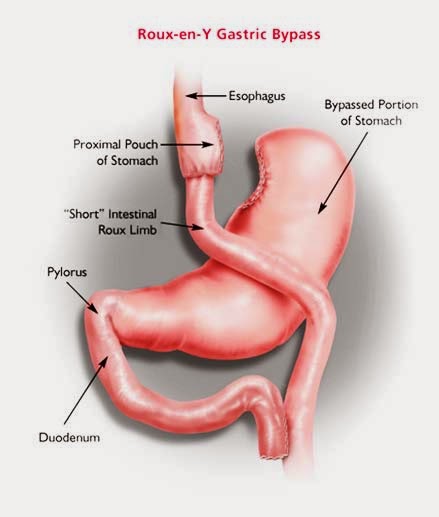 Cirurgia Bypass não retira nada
---
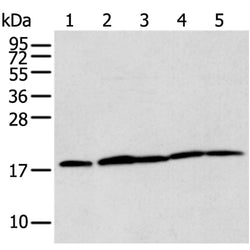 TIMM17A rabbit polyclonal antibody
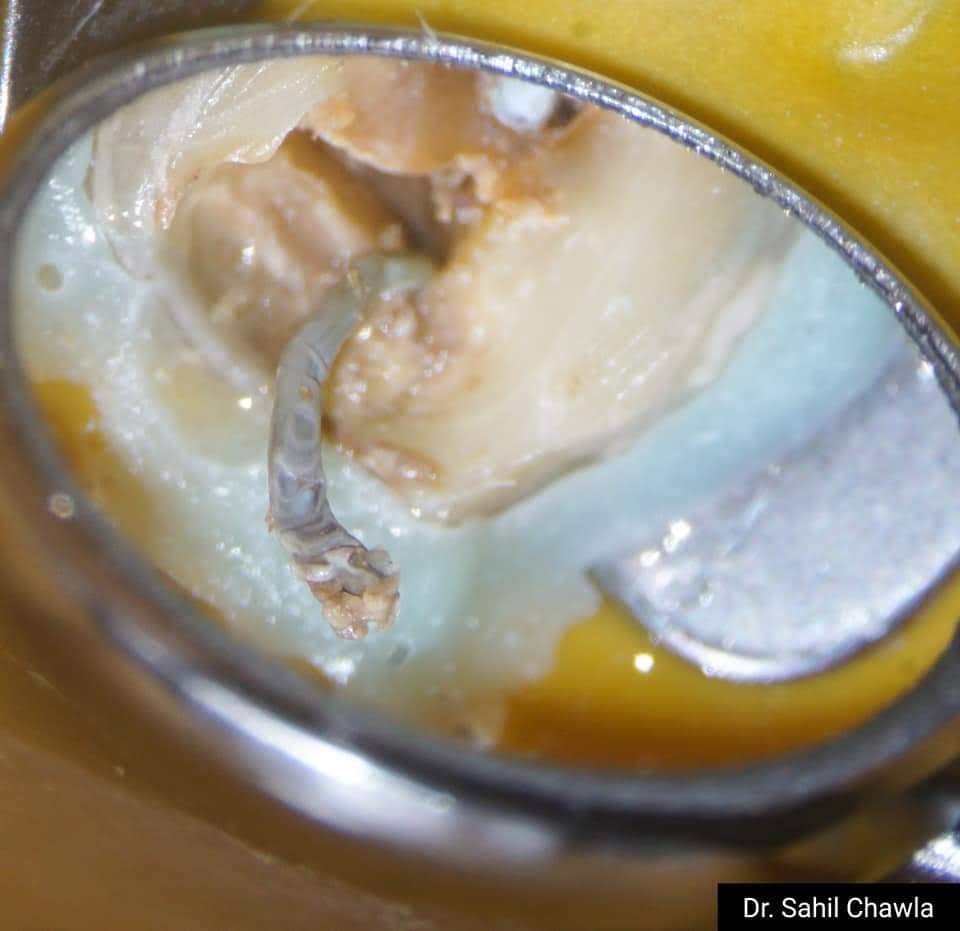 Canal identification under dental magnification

Activity: Copy only this from above: the line containing "TIMM17A rabbit polyclonal antibody", the line containing "Canal identification under", and all lines between, printed exactly. Leave out the pictures.

Answer below:
 TIMM17A rabbit polyclonal antibody
 Canal identification under dental magnification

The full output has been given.